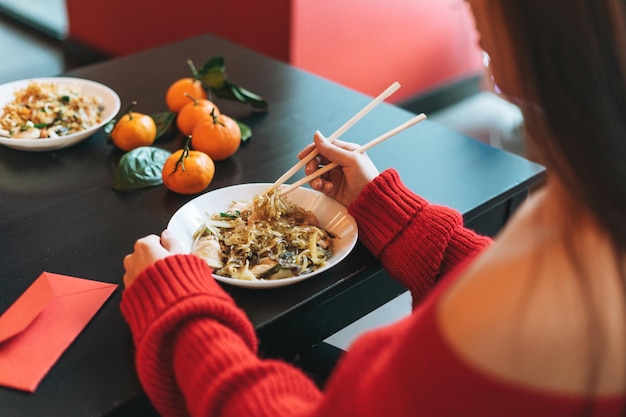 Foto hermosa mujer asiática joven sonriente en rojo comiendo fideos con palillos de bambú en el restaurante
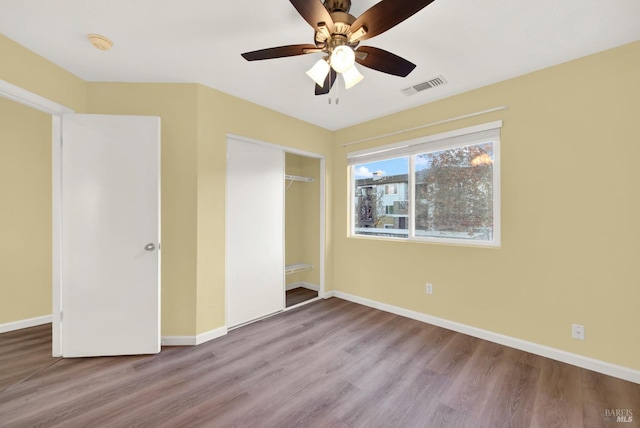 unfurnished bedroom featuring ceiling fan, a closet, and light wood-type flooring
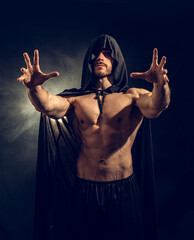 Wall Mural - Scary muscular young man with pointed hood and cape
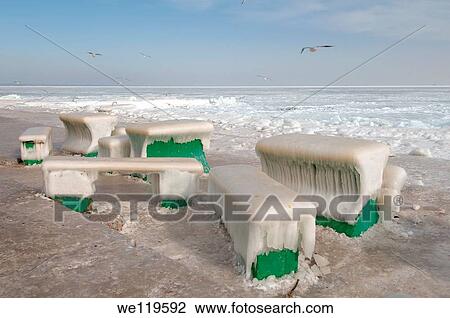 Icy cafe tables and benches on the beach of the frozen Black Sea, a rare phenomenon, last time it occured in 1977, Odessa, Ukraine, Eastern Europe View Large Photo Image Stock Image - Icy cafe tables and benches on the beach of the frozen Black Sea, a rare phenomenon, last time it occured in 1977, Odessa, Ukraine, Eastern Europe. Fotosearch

▶ **ACTIVITY**: Repeat the material above word for word, please, apart from its images.

▶ **WRITTEN RESPONSE**:
 Foto hermosa mujer asiática joven sonriente en rojo comiendo fideos con palillos de bambú en el restaurante
 unfurnished bedroom featuring ceiling fan, a closet, and light wood-type flooring
 Wall Mural - Scary muscular young man with pointed hood and cape
 Icy cafe tables and benches on the beach of the frozen Black Sea, a rare phenomenon, last time it occured in 1977, Odessa, Ukraine, Eastern Europe View Large Photo Image Stock Image - Icy cafe tables and benches on the beach of the frozen Black Sea, a rare phenomenon, last time it occured in 1977, Odessa, Ukraine, Eastern Europe. Fotosearch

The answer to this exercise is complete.